O Bolsonarismo, de um só golpe, debilitou tanto a democracia como o modo de vida orientado pelos valores da República

Bobbio lembrando a emergência do fascismo no bojo da crise da democracia italiana disse que “os fascistas eram arqui-italianos; em oposição, os antifascistas não se consideravam italianos do mesmo modo. Os fascistas eram de outra Itália.” E segue: “a partir desse conceito das duas Itálias, poderíamos também desenvolver a distinção entre pátria e nação.”

Somos da mesma nação, mas a real pátria bolsonarista – que induz conscientemente a aceitação da morte programada (dos que estão fora do seu conceito de “nação”), certamente não é a nossa.
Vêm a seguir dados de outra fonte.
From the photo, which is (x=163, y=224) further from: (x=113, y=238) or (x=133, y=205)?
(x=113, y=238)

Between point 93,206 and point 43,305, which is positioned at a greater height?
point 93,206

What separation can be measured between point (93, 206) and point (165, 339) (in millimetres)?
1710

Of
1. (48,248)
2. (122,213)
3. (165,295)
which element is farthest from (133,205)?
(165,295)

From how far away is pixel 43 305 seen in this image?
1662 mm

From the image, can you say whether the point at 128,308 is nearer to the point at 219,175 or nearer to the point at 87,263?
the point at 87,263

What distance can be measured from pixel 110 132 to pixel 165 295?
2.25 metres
O nosso conceito de nação, na República, é instrumental para nos tornar iguais em direitos; o conceito de pátria, no fascismo, é instrumental para incitar a desigualdade essencial entre os humanos. E assim o pratica quando aceita a morte do outro “nacional” e exerce no cotidiano a sua política necrófila.

Ninguém menos do que Karl Polanyi demonstrou que a destruição das economias reguladas, formatadas no pós-guerra, foi um fato histórico “reacionário” que iria gerar um “choque” na democracia-liberal, “produzindo maior concentração de renda e de poder”, e assim criando as condições para a unidade política entre os movimentos populistas de direita e o “mercado desregulado”. Mercado e fascismo, na ordem global do capital financeiro hegemônico, poderiam ser compatibilizados, tanto por períodos curtos, como por um ciclo inteiro.
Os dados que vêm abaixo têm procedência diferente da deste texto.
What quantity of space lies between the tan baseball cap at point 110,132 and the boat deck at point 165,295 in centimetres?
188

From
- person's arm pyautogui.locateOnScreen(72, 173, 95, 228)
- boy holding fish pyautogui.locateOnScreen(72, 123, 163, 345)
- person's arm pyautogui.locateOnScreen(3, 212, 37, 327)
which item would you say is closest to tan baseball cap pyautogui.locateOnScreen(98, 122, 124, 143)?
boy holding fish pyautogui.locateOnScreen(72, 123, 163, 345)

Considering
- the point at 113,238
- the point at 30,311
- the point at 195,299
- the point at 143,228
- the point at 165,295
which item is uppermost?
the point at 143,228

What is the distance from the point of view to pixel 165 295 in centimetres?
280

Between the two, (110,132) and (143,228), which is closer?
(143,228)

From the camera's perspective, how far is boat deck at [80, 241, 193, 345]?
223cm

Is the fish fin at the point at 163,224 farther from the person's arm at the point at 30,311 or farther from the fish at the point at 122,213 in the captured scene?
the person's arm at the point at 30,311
Mais além da crise da democracia liberal que ocorre em escala planetária, chamam atenção – aqui no Brasil – alguns episódios canônicos da sua degradação. Um deles é a “naturalização” do ultraliberalismo, retirado do campo da política para se tornar – através do cassino financeiro global – uma técnica para a acumulação privada sem geração de trabalho. E assim afinou-se com movimentos fascistas e protofascistas financiados por amplos setores das classes dominantes.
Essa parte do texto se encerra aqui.